### YOUR INSTRUCTIONS
Look below for the line with "Explosión en Villa", then repeat it and all lines after it, exactly, minus any pictures.

#### MATERIAL PROVIDED

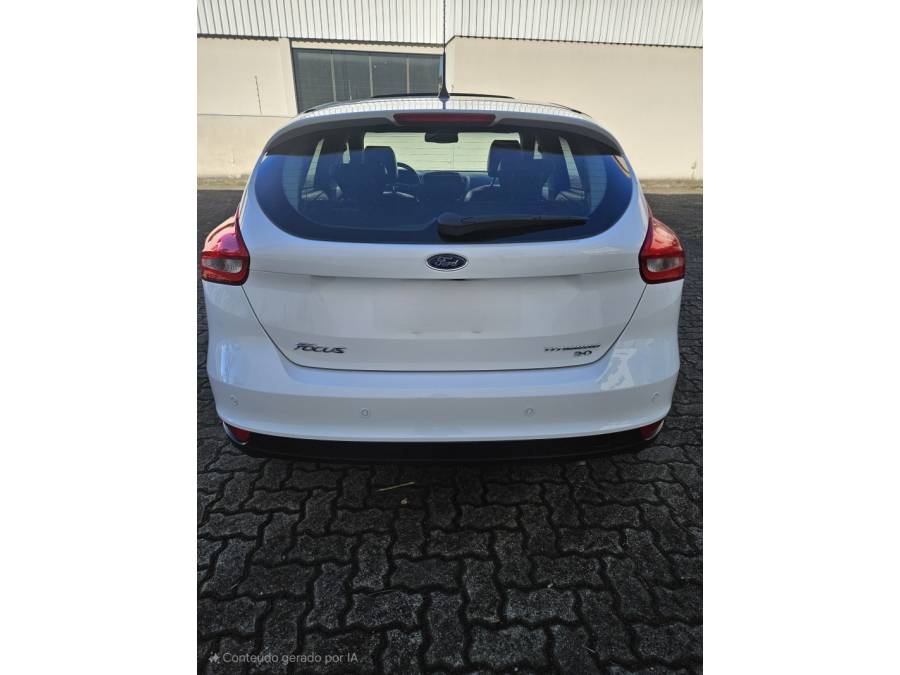 FORD - FOCUS - 2016/2016 - Branca - R$ 70.000,00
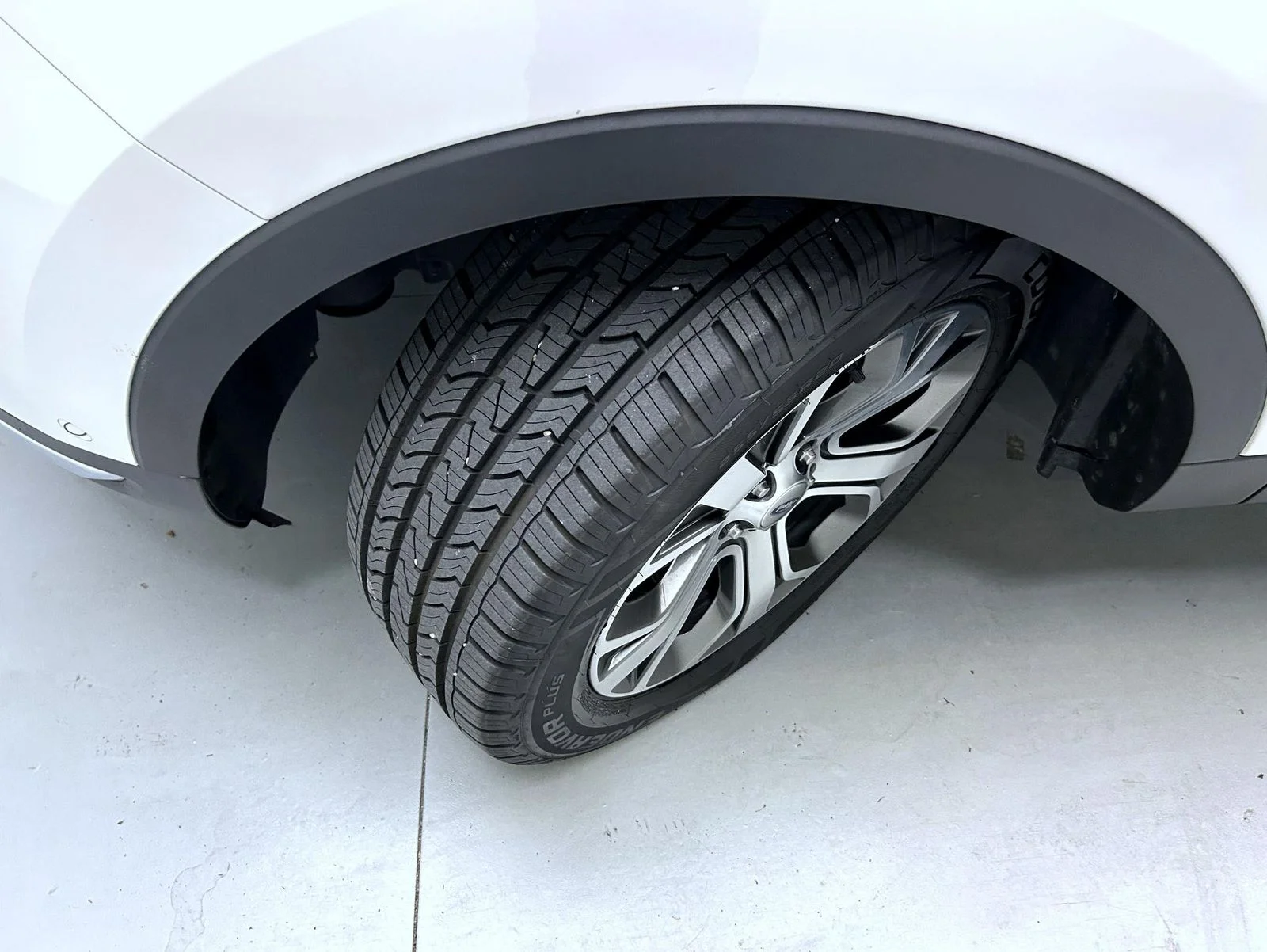 Used 2019 White Ford Limited image 24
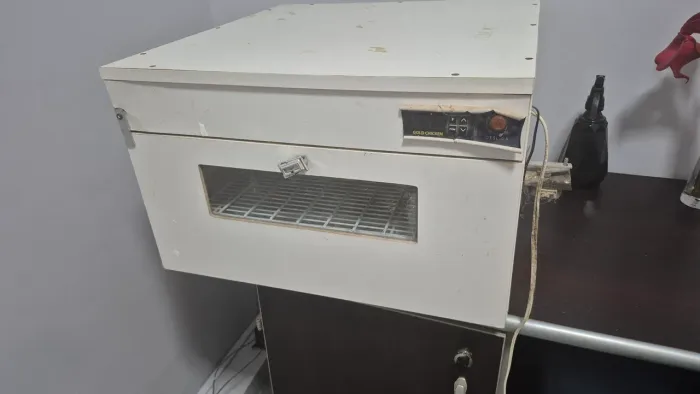 Vendo chocadeira 60 ovos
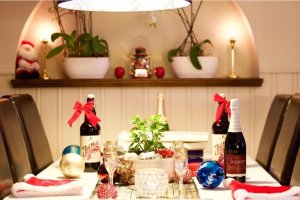 Una mesa preparada para una comida familiar.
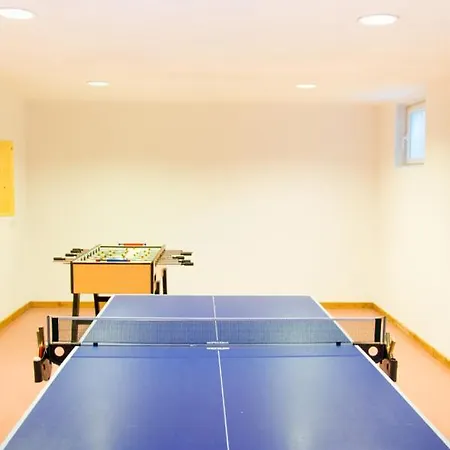 בקתה Neuhofalm Mit Sauna Und Hobbyraum אוברטאורן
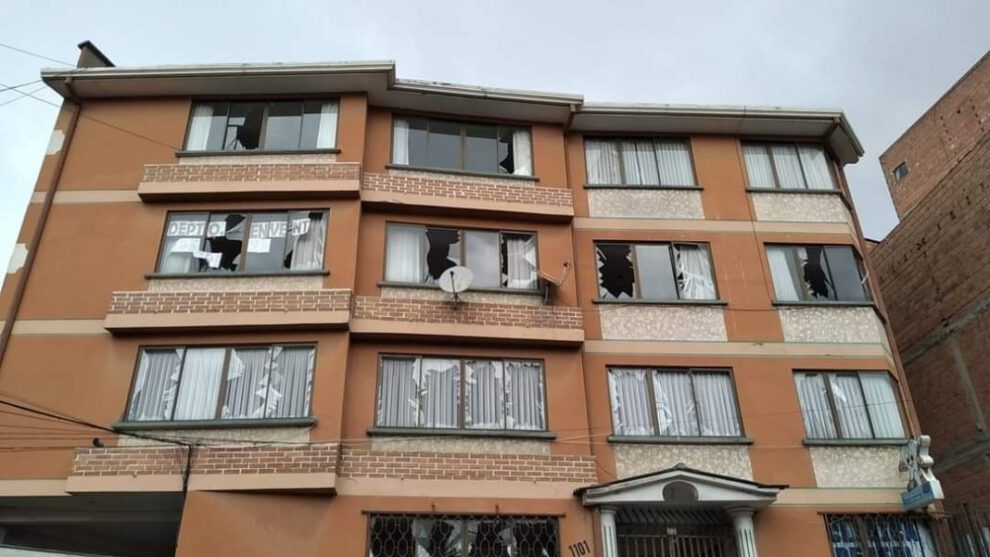 Explosión en Villa Fátima afecta a un motorizado y un inmueble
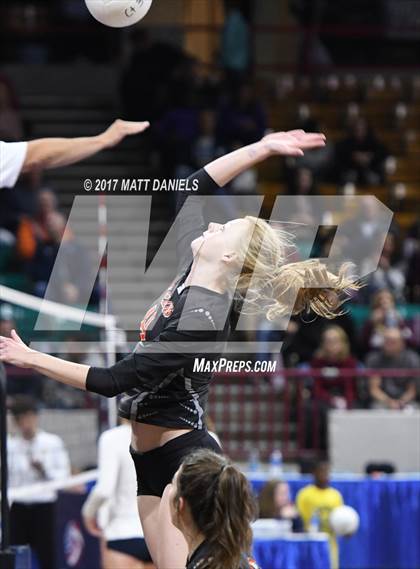 Thumbnail 2 in Lutheran vs. Sterling (CHSAA 3A Pool 2) photogallery.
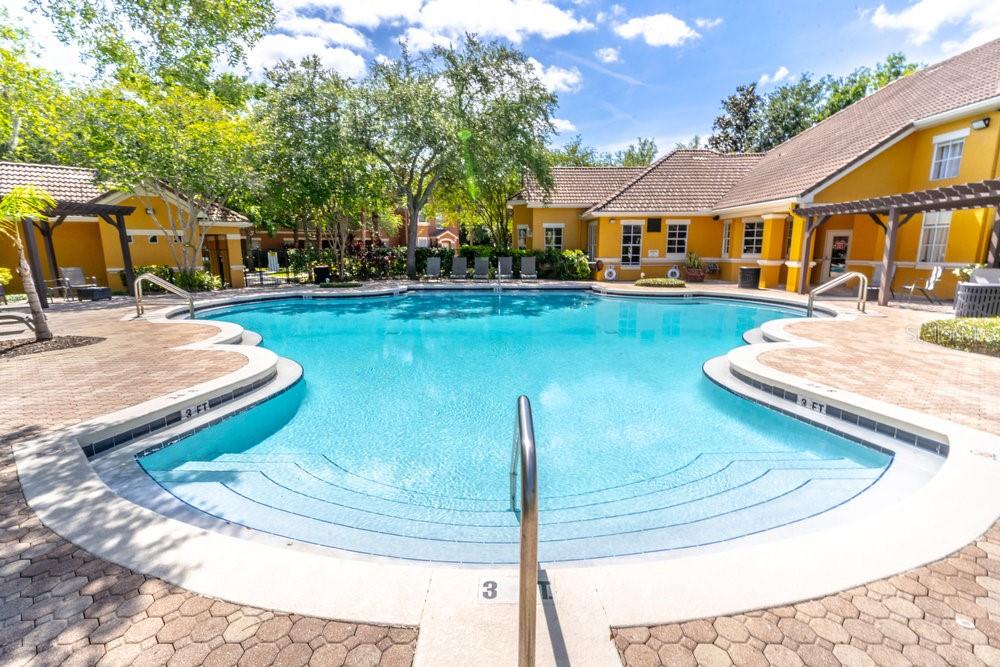 Image 17 of 27 For 8843 Villa View Circle 102
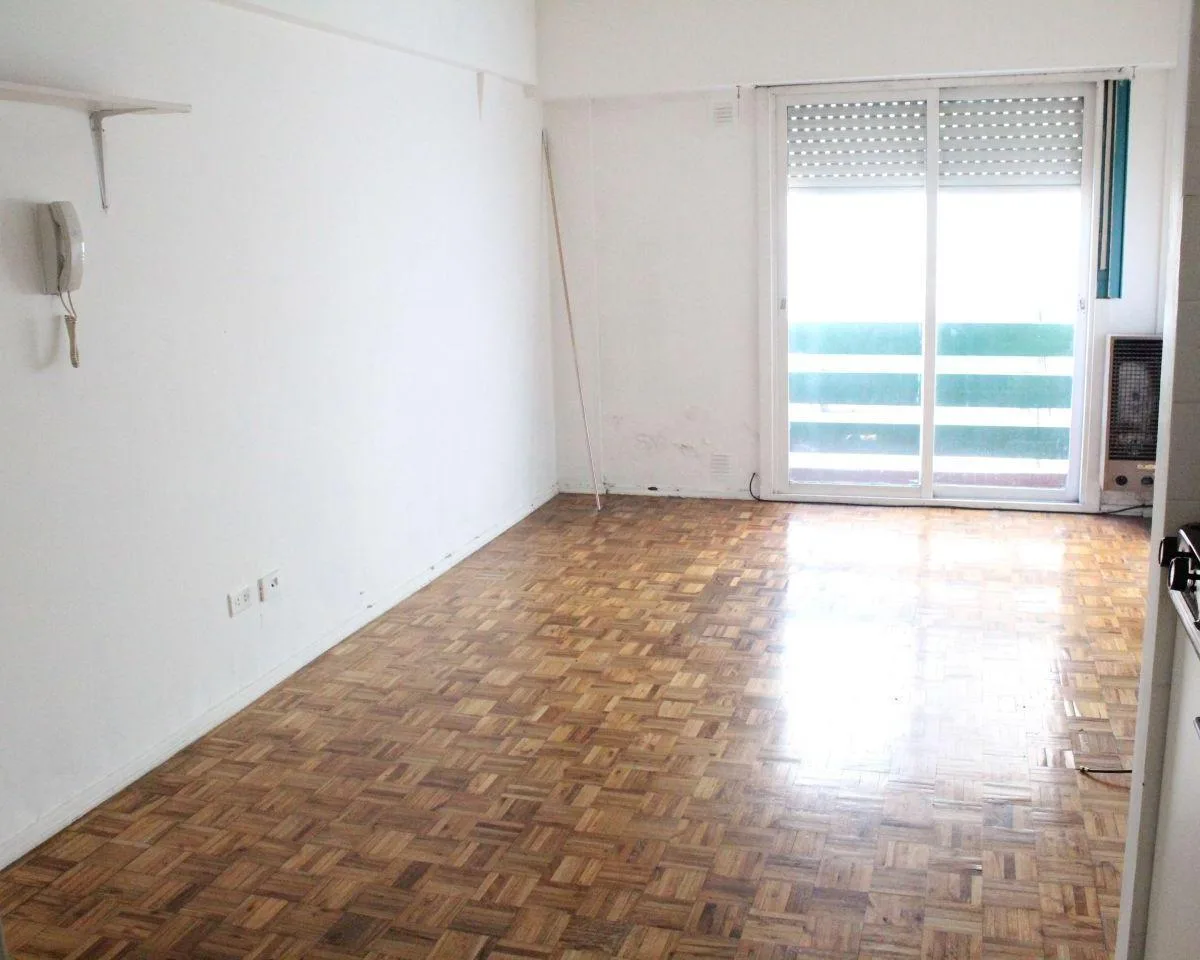 Monoambiente con balcón francés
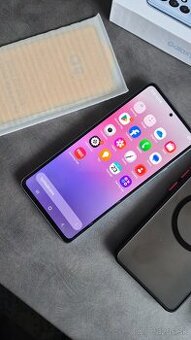 Samsung galaxy A53 zachovalý + bohaté príslušenstvo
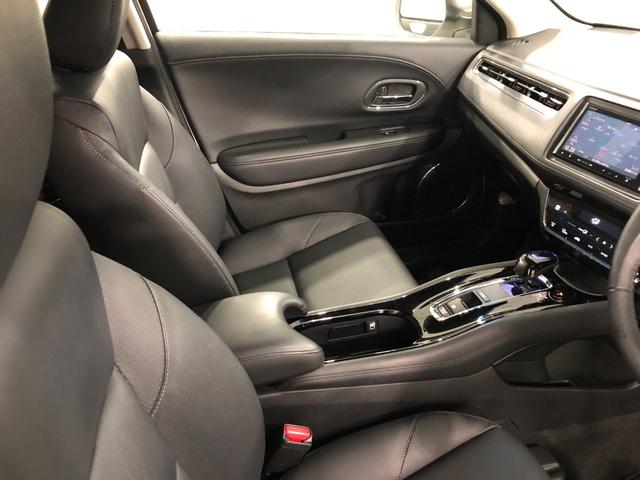 ヴェゼルハイブリッドＺ　走行３７１９８キロ／タイヤ４本交換／ナビ一年保証・走行距離無制限走行３７１９８キロ　フルセグナビ　ブルートゥース　バックカメラ　ＥＴＣ　サイドエアバック　オートライト　ＬＥＤヘッドライト　シートヒーター（埼玉県）の中古車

########

### TASK OUTPUT
 Explosión en Villa Fátima afecta a un motorizado y un inmueble
 Thumbnail 2 in Lutheran vs. Sterling (CHSAA 3A Pool 2) photogallery.
 Image 17 of 27 For 8843 Villa View Circle 102
 Monoambiente con balcón francés
 Samsung galaxy A53 zachovalý + bohaté príslušenstvo
 ヴェゼルハイブリッドＺ　走行３７１９８キロ／タイヤ４本交換／ナビ一年保証・走行距離無制限走行３７１９８キロ　フルセグナビ　ブルートゥース　バックカメラ　ＥＴＣ　サイドエアバック　オートライト　ＬＥＤヘッドライト　シートヒーター（埼玉県）の中古車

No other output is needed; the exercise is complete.